Наступила жуткая тишина, и наверняка можно было сосчитать до четырехсот тысяч, покуда снова вспыхнула молния. Когда она вспыхнула, я увидел, что Джим стоит на коленях. Руки он положил на ящик, голову опустил на руки, а сам плачет. Не успел я взглянуть за борт, как уже снова стало темно, и я даже обрадовался — мне и видеть-то ничего не хотелось. Но когда снова сверкнула молния, я осмотрелся крутом и вижу, что кто-то болтается на лестнице там, внизу, на ветру, и что это — Том!
— Лезь наверх! — крикнул я. — Полезай сюда, Том!
Голос у него был такой слабый, а ветер ревел так сильно, что я не мог разобрать, что он говорит, но решил, что он спрашивает, на борту ли профессор.
— Нет, он упал в океан! Лезь наверх! Может, помочь тебе?
Конечно, все это происходило в темноте.
— Гек, кого ты зовешь?
— Тома!
— Ох, Гек, да как же это так, разве ты не знаешь, что бедный масса Том... — тут Джим испустил жуткий вопль, всплеснул руками и снова завопил. Дело в том, что тут как раз вспыхнула яркая молния, а он поднял голову и увидел, что Том, белый, как снег, лезет на борт да прямо ему в глаза глядит. Понимаете, он решил, что это привидение...
Том вскарабкался на борт. Как только Джим убедился, что это он, а не его дух, он принялся обнимать и целовать Тома, да так, что просто с ног до головы обслюнявил, и называл его всякими ласковыми именами. Совсем рехнулся от радости. Тут я и говорю:
— Чего ты ждал, Том? Почему сразу наверх не лез?
— Я боялся, Гек. Я видел, что кто-то пролетел мимо меня вниз, но в темноте не мог разобрать кто. Ведь это мог быть ты или Джим.
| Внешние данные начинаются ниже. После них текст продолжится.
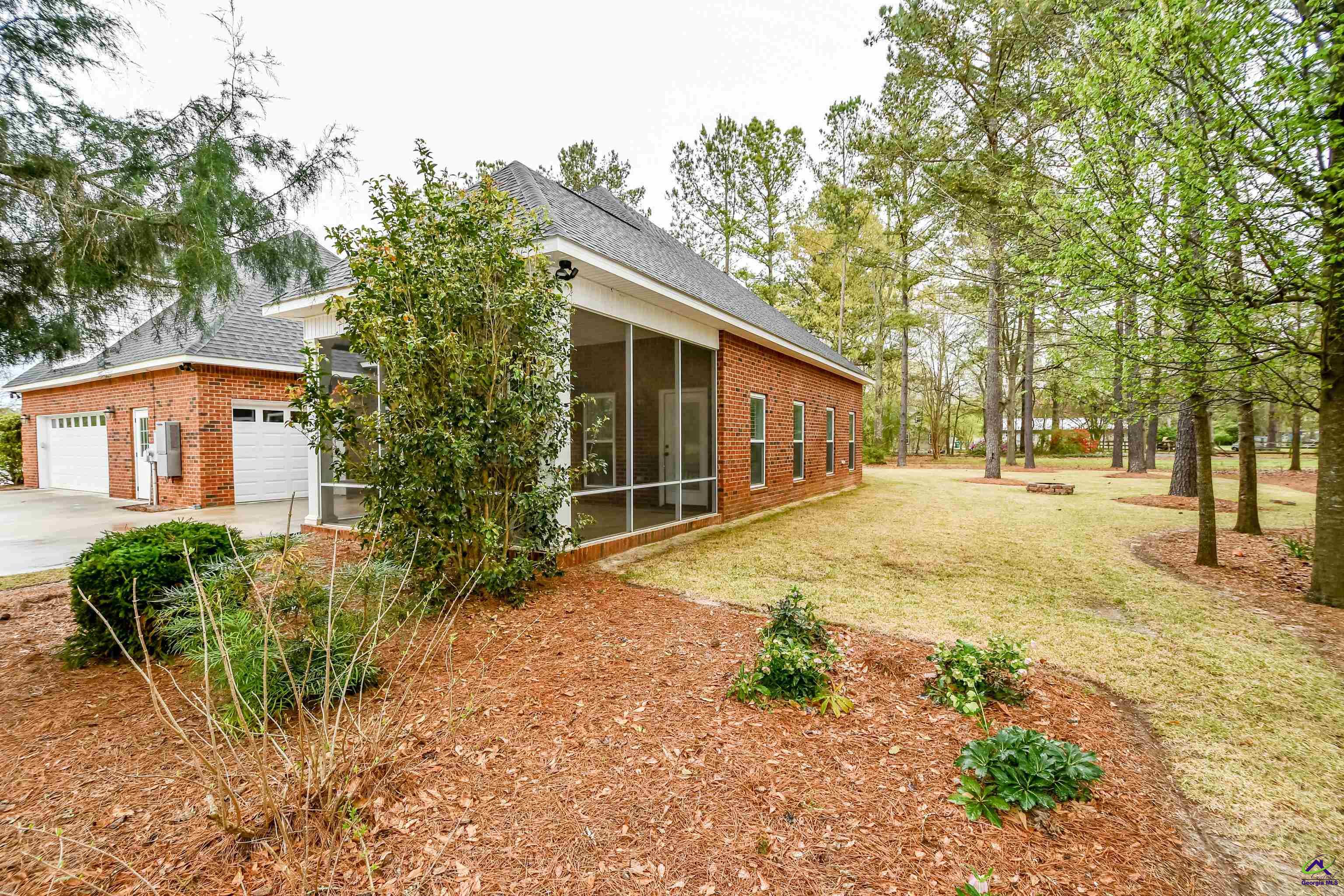 143 Harner Rd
Вот каков Том Сойер — он всегда разумно рассуждает. Он не полез наверх, покуда не узнал, где профессор.
К этому времени буря разыгралась со страшной силой, гром гремел и грохотал во всю мощь, молнии сверкали, ветер выл и ревел в снастях, а дождь лил как из ведра.
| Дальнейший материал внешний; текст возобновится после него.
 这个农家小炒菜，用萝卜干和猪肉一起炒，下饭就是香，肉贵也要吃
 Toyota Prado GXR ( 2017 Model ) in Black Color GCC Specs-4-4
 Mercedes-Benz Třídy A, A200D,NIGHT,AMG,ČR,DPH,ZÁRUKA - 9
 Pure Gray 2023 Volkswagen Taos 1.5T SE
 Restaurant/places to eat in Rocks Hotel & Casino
Стояла такая темень, что нельзя было разглядеть свою собственную руку; потом вдруг вспыхивал яркий свет, и тогда вы могли пересчитать каждую ниточку на своем рукаве, а сквозь пелену дождя было видно, как внизу, на необъятных океанских просторах, бушуют и бьются волны. Замечательная штука такая буря, да только не особенно приятно наблюдать ее, когда ты затерян где-то высоко в небе, промокший до нитки и несчастный, да к тому же только что лишился одного из членов своей семьи.
Мы сидели на носу, тесно прижавшись друг к другу, тихонько говорили о несчастном профессоре, жалели его и сокрушались, что люди его высмеивали и были к нему так жестоки. А ведь он же делал все что мог, и не было рядом с ним ни одного друга, никого, кто бы его подбадривал и не давал ему слишком много думать, чтоб он не свихнул себе мозги. На корме была целая куча всякой одежды и одеял, но мы решили, что лучше мокнуть под дождем, чем лезть в тот конец. Понимаете, было как-то жутко идти на то место, которое, как говорится, еще не остыло после покойника. Джим сказал, что он готов скорее промокнуть насквозь, чем идти туда да, не ровен час, между двумя молниями наткнуться на дух профессора. Он сказал, что ему всегда делалось худо от одного вида призрака, и он скорее помрет, чем дотронется до него.